Since the 1970s, Curtis’s film has been treated as a documentary, adorning the halls of natural history and anthropology museums and being criticized for its staging of savage scenes from a “pre-contact” past as if they were part of the everyday life of contemporary tribal communities (as was also the case with his photography).
(In The Land of the Head Hunters: Ceremonial of Yaklus)

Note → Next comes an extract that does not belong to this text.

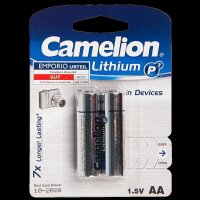Mignon-Batterie CAMELION Lithium 1,5V, Typ AA/FR6, 2er-Blister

Interviewed at age 90 in 1988, Margaret Frank was known as Princess Ommagalees when she had a starring role in that Curtis’ movie at age 17. Born into the Kwawkgewith First Nation and raised near present-day Port Hardy, Margaret Frank, granddaughter of George Hunt, played the role of a princess named Naida in Curtis’ rendition of a story recorded by a man she knew as “the Professor,” Franz Boas. Margaret Frank recalled how her uncle stood in a war canoe, hidden behind a huge wooden thunderbird mask, flapping his arms up and down inside man-made wings, as if he was attempting to fly. Curtis stood in hip-waders at the tideline, cranking his camera on a tripod. “My mother stood up in the stern and began to dance and sing,” she said. “Then, suddenly, the canoe hit a rock and my mother toppled over onto several others, and everyone burst out laughing. Except Mr. Curtis. He scowled and took the film out of his camera and threw it away in disgust. ‘This is a serious film,’ he said. He didn’t want his Indians to laugh.”
The Edward Curtis Project: A Modern Picture Story, a play (and critique) by Métis playwright Marie Clements will be available in the fall of 2010, accompanied by photographs by Rita Leistner. In addition, Discovery Passages by Garry Thomas Morse, the first book of poetry about the Kwakwaka’wakw people, will be available in the spring of 2011.